British Columbia’s child poverty rate rose again for the eighth consecutive year with no anti-poverty plan in sight.
BC Campaign 2000 published a report card of child poverty that pointed to rising numbers, where child poverty rose from 14.5 per cent in 2008 to 16.4 per cent in 2009.
The data used was from Statistics Canada’s low-income cut-offs before, as a measure of poverty.
In comparison, the after-tax rate revealed a rise from 10.4 per cent in 2008 to 12 percent in 2009, which was the highest rate in any province.
Before and after-tax rate refers to an individual or company’s income before or after taxes have been deducted.
As a part of a national network since 1989, BC Campaign 2000 marks November as the anniversary of a pledge by the House of Commons to work to end child poverty by the year 2000.
Leda Leander, executive director of Boundary Family and Individual Services Society pointed out in order to help children and families, the economy has to improve as well by people buying locally.
“I know a lot of retail stores make a lot of money in the season that we’re in now,” she said. “We need to improve our local economy so that families can have jobs. Nobody wants to be poor. So many families here are struggling just because the economy is so poor and there just isn’t the job market locally.”
The report also revealed that nearly half of poor children within B.C. lived in families with at least one working adult with a full-time job, year round. This indicates an issue of low paying jobs, states the report.
“The other thing that’s important is to not stigmatize poor people,” Leander stated. “Sometimes that subconsciously happens when people who don’t have the resources and children may not have the nice clothes. We have to teach our children not to discriminate against other children based on how they may dress or look.”
Grand Forks, compared to big metropolitan areas like Vancouver or even Kelowna, is also limited on resources.
Inequality is also an issue raised in the report.
“I think in the urban communities there may be more resources available to use.” Leander added, “But I know something that is really special that the smaller communities, the more rural communities, like ours has is that we know each other as citizens. People help out in ways that are really amazing.
“Some of the really small communities have some of the strongest community spirit. That’s a real asset for us, but at the same time there’s definitely a lot less resources for people who are suffering the effects of poverty.”
In order to bring poor families, especially those with children, up to the poverty line, B.C. Campaign 2000 estimates an investment of $900 million would be required.
Leander believes that all levels of government need to work together.
“I think the local government knows what’s needed in a community and it’s hard for the local government to access the resources that provincial and federal governments may have that can bring to bear in terms of local issues,” clarified Leander. “It’s really important that all levels of government act together and that we have family-friendly policies that support families to raise safe, happy and resilient children.”

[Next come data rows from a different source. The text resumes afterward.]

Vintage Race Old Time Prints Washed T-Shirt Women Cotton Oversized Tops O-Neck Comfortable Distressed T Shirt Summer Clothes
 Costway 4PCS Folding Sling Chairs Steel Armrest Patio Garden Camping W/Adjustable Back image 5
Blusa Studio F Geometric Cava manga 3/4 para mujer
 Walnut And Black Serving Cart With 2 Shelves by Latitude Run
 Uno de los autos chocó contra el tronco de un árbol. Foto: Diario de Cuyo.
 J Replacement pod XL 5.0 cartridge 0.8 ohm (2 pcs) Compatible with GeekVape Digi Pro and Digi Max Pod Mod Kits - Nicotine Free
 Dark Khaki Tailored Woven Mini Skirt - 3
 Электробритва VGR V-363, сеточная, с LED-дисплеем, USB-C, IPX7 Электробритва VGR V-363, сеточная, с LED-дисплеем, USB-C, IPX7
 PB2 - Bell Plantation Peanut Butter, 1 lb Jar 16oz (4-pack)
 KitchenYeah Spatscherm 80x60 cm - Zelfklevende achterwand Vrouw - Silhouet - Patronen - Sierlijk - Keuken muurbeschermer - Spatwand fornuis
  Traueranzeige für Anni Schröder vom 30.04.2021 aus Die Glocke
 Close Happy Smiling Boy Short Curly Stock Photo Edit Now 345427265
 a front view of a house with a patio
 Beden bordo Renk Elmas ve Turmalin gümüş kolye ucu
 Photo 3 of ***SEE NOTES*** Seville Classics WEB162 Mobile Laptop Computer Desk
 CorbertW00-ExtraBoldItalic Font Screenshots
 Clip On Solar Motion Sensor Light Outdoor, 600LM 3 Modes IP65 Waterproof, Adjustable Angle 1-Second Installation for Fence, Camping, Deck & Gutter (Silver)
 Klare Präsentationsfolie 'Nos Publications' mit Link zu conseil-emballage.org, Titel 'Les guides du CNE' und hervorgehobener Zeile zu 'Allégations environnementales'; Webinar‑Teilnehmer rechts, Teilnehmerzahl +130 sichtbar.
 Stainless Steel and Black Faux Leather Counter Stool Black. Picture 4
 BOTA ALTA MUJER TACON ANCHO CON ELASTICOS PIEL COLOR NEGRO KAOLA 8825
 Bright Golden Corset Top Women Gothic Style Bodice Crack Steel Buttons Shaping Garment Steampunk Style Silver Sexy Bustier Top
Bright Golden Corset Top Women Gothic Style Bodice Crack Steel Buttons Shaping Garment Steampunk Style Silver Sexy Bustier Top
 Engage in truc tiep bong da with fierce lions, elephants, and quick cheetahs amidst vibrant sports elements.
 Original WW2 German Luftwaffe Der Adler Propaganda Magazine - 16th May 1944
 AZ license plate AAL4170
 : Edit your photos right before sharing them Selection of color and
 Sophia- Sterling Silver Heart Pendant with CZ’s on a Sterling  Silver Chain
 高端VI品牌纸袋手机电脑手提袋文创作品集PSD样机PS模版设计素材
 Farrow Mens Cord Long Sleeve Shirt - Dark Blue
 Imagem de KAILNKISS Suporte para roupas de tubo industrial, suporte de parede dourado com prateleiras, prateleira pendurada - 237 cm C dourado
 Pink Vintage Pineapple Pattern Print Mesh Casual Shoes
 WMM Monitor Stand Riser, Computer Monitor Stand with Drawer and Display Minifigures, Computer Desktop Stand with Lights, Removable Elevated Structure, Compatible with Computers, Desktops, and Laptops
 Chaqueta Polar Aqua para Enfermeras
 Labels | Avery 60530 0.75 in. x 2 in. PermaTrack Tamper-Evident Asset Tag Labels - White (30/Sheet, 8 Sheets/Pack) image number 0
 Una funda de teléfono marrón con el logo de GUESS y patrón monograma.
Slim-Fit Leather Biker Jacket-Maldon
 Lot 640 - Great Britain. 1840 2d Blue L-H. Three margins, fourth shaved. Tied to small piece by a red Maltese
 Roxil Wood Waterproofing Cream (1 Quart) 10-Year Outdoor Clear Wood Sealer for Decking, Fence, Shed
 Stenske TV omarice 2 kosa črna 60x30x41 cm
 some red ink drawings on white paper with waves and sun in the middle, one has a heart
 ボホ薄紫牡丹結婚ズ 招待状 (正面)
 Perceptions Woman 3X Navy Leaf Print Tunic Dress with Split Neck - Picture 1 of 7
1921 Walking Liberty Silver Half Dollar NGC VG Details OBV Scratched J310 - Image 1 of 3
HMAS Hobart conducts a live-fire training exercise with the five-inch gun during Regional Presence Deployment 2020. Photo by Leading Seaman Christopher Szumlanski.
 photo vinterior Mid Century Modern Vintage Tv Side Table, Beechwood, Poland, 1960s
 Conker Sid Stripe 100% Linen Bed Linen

Opportunities need to be provided to children, including education, stated Leander.
“We have free primary, elementary and high school education, but day care still has significant costs,” she said. “If the government says, ‘Oh we’re not going to fund education anymore, you’re going to have to pay to have your kids go to school,’ everybody would be up in arms.”
British Columbia, Alberta and Saskatchewan are the only provinces without a formal poverty reduction strategy. Alberta’s current premier, Alison Redford, is currently working on a collective approach, which leaves B.C. among the last provinces to conceive of a plan for anti-poverty.
The report was compiled by First Call: B.C. Child and Youth Advocacy Coalition and the Social Planning and Research Council of B.C. (SPARC BC) with help from the Affiliation of Multicultural Societies and Service Agencies of B.C.